Os debates realizados pela BAND e pelo UOL-SBT entre Dilma e Aécio mostraram os dois empenhados em questionar a credibilidade um do outro, não em contrastar propostas ou, muito menos, projetos para o país. É “mentiroso e mentirosa” prá cá; “desinformada e desinformado” prá lá, e tudo se passa como se houvesse um rol indiscutível tanto de problemas como de idéias para resolvê-los, cabendo ao eleitor não a tarefa de ajudar a pensar um outro país, mas apenas decidir pelo nome mais adequado para conduzir um estado de coisas que estaria dado e é encarado por ambos da mesma maneira.

Note leitor que não estou dizendo que eles não fizeram propostas. Sim, eles as fizeram, e são as mesmas faz vinte anos! Eles divergem apenas em dois aspectos, divergências que nascem do fato de que fingem acreditar no que querem que você acredite, isto é, que as forças que representam são alternativa real uma à outra. Primeiro, não conseguem se entender sobre o que um deve ao outro no legado comum, quando está óbvio que desde 1994 o país assiste a implantação de um mesmo projeto: o pacto incrementalista conservador iniciado com o Real, que já discuti aqui, no qual estão incluídas todas as políticas sociais compensatórias de que ambos falam, bem como todo o silêncio comum sobre os imensos ganhos que se continua a garantir aos muito ricos  — pólos de uma mistificação que deixa de fora a terrível situação urbana, delegada a prefeitos e governadores a quem o modelo mistificador sonega os recursos que permitiriam (se eles o quisessem…) enfrentar os problemas que as camadas médias partilham com os mais pobres, embora sem enxergar neles o único aliado com que elas poderiam contar.

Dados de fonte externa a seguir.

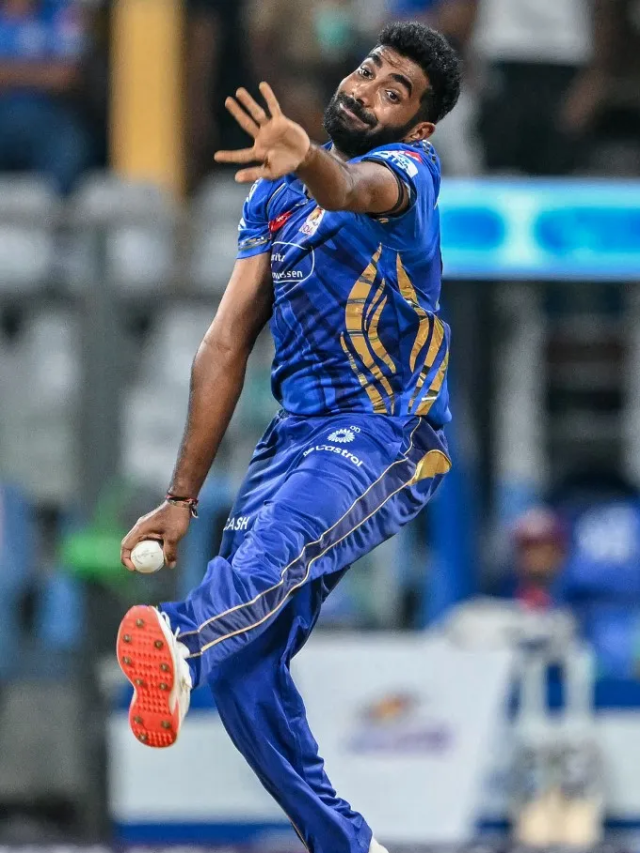 Top 6 Bowlers with Most Maidens in IPL History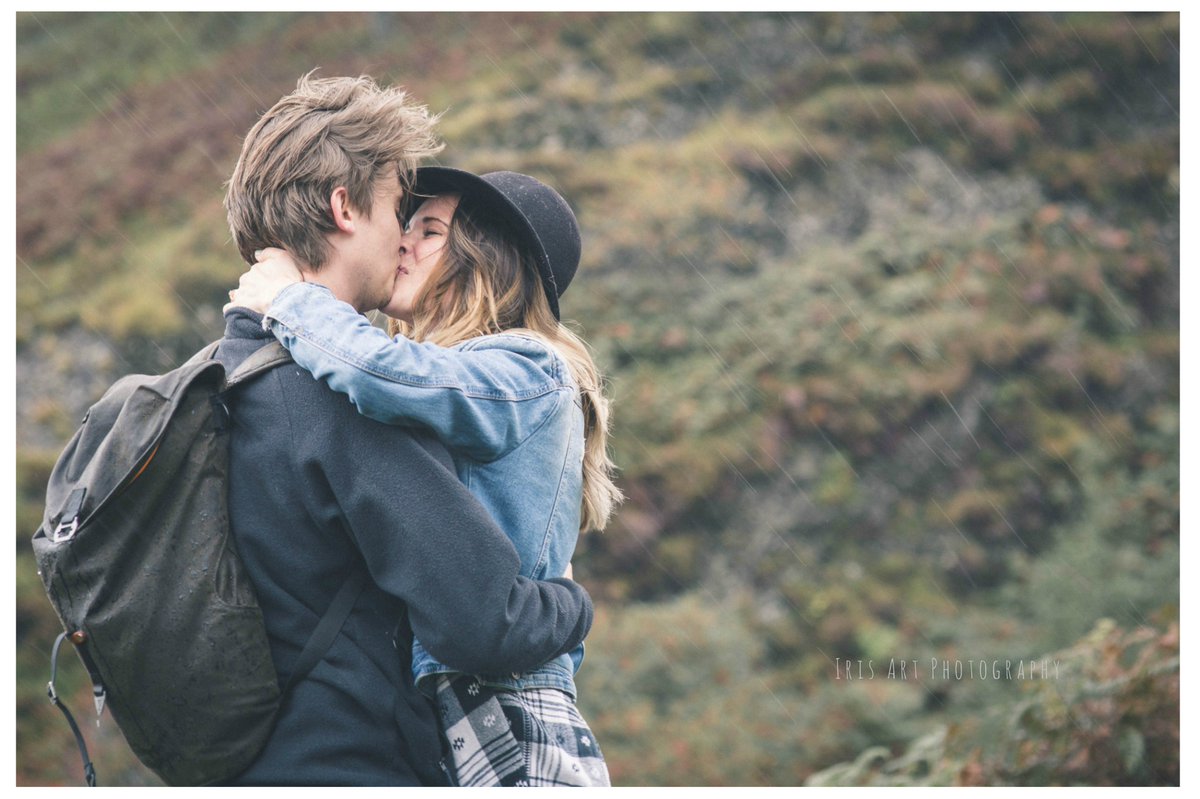 IrisArtPhoto's tweet image. Talking about passionate kissing, one of the most genuine couples I've met! She had just said 'yes'!#irisartphoto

Segundo, Aécio e Dilma brigam mesmo é na opinião que tem sobre qual dos dois é o mais indicado para continuar a tocar esse projeto comum. Por isso, o Bolsa Família de uma não passa de desdobramento das políticas do outro (“nasceu comigo”, diz um; “mas eu fiz um montão”, diz a outra); o combate à inflação do primeiro foi mais vistoso do que o da outra (“a minha era de 960%”; “ah, mas a minha vem sem desemprego grandão”);  o BNDES de um haverá de ser mais transparente do que o da outra (o que difere é a concepção da vitrine, não a política); o currículo e a carga horária das escolas técnicas de um são melhores do que os da outra, que, aliás, teria apenas copiado programas estaduais do primeiro [discutir a escolha de adaptar (mal) nossa juventude às exigências do capital, nem pensar]. Agora, o mais emblemático da mesmice é que o governo Lula de um é igualzinho ao governo Lula da outra, sendo que Aécio se apresenta, então, como um continuador mais confiável do que Dilma para o legado Lula! Enfim, a coisa toda é tão parelha que cada um joga sobre o outro a lama que ambos merecem: para a Petrobras de uma, há o Metrô do outro; para a Abreu Lima de uma, há o Sivan do outro;  para o porto em Cuba de uma há os ônibus para Cuba do outro; cabendo a ambos a glória mútua do respectivo Mensalão. Eles empatam e o Brasil segue empatado.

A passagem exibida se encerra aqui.